Antes de que desencasquilles la metralleta vamos a ponernos en situación y creemos un quorum habitable: lo hortera mola. Tanto el horterismo ético como el estético de la escena musical más popular y populista acabarán con nosotros pero, mientras tanto, no nos sonrojaremos al ponernos leggings color carne encima de los pantalones, utilizar maquillaje digno de tribus masái o cantar bonitas melodías que ni lo son ni entendemos, pero que nos tienen moviendo el culo como si de un par de negras zumbonas embebidas en nuestro recto se tratase. Eso que nos queda, oye. Y, por encima, logran convencer al vulgo indie de que el vulgo popular más plástico y poligonero tienen conexiones inherentes: es un ejercicio harto complicado.

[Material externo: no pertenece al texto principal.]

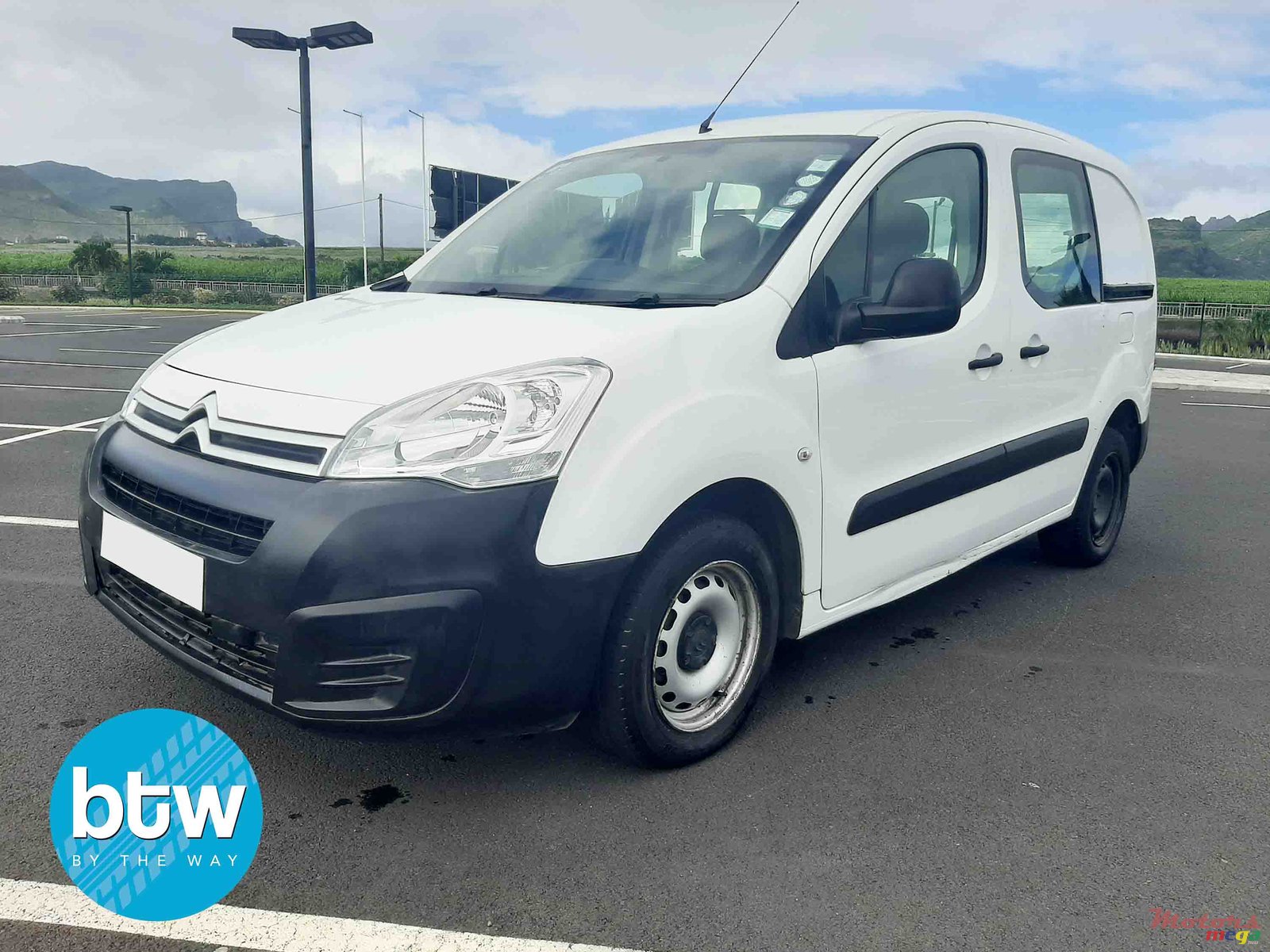 2016' Citroen Berlingo photo #2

Muchos diréis que Lady Gaga, los hits de Katy Perry, los hitos vocales de Beyoncé, la reinserción de culto de una Madonna al borde del colapso competitivo o los labios sensuales de una Rihanna en sus mejores momentos maquineros han sido las culpables, pero yo prefiero pensar que Nicki Minaj, una de las últimas negratas de la Centroamérica menos limitada, más mestiza e híper-gestual, ha llegado para aportar estupefacción y estupefacientes en dosis breves a las zonas más plásticas, urbanas y robóticas de nuestro pop mainstream más global.

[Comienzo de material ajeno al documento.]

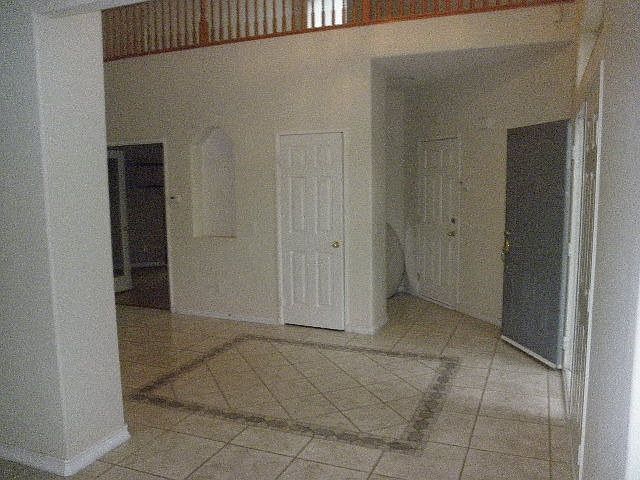 2nd image of 950 Shepard Crest Dr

Con algo de retraso, pero en un envasado tan dulzón como empachable, Nicki Minaj crea alternativas razonables a su “Pink Friday” (Cash Money, 2010) de debut y arremete en un formato de evolución temático y épico dentro de la canción pop chicle de usar y tirar con una descarga que sabe a recarga y alarde de triunfos en “Pink Friday… Roman Reloaded” (Cash Money, 2012), algo así como la segunda parte de su homólogo debut y algo así como un compilado abrasivo, explícito y casi sin descanso por un formato de canción que, sí, suena repetitiva pero también excelsa cuando se pone chunga. Se rodea del grueso de artistas y productores de R&B (Nas, Drake), urban pop (Chris Brown), dance de radiofórmula (David Guetta), pop callejero de arrabales guettistas (Lil’ Wayne) y extravagantes de la cofradía de la producción más troglodita, adolescente y descartable de la evolución renovadora del nuevo dirty pop más breve (Young Cheezy, Cam’Ron) y traza un viaje de ida excesivo (¡veintidós canciones!) que, por momentos, se torna sin salida y casi un bucle que repite forma, fórmula, método, melodía y guiños a la actualidad.
Hay dos maneras de escucharlo: en conjunto o por unidades. Si valoramos la producción de las piezas a título individual, si bien hay conexiones inherentes a la filosofía y sonido del redondo, las variaciones entre tribales y comerciales comulgan a la perfección con las expectativas de públicos más livianos y exigentes; pero si la escucha es colectiva, no sólo estamos hablando de un disco que hace perder las perspectivas, sino que también se puede antojar coñazo, lineal y en el que sólo estamos esperando la llegada de los hits (que son muchos y muy buenos, eso sí). Probablemente lo más vehemente y menos demente hubiera sido resumir este segundo trabajo en sus hits más potentes (“Starships”, “Stupid Hoe”, “Turn Me On”, “Pound the Alarm” o “Va Va Voom”) y sus ejercicios más futuristas, subversivos, violentos (la impresionante “Roman Reloaded” -algo así como la segunda parte del “Born Free” de M.I.A.-; la máquina clubber y casi hard-techno de “Beautiful Sinner”; la persecuta nerviosa y parodia del pop comercial de “Come On a Cone”; la tribu urbana desde el guetto y el texto de “I’m your Leader”; esa conexión tan soul, rhythm’b’lusera, afónica y casi baleárica de “Champion” o la máquina nerviosa, auto-tunera, desacomplejada y fuckingera “HOV Lane”) y hubiera prescindido de canciones que no aportan nada y hasta recuerdan a las partes más chungas de las horas bajas de divas en decadencia como Britney Spears, Geri Halliwell o Sugababes: “Right By My Side”, “Fire Burns” o “Automatic” no es que sean bazofia, pero decrecen un disco que, de haberse centrado en sus puntos más fuertes (que, como mínimo, son entre doce y quince) se podría estar hablando de último tratado conector entre el pop mainstream más petardo y las alternativas raciales más post-tribales, fiesteras y aptas para pista de baile, festival de masas, radiofórmula o portada del NME. Casi nuevo clásico por apelar al pecado de la abundancia.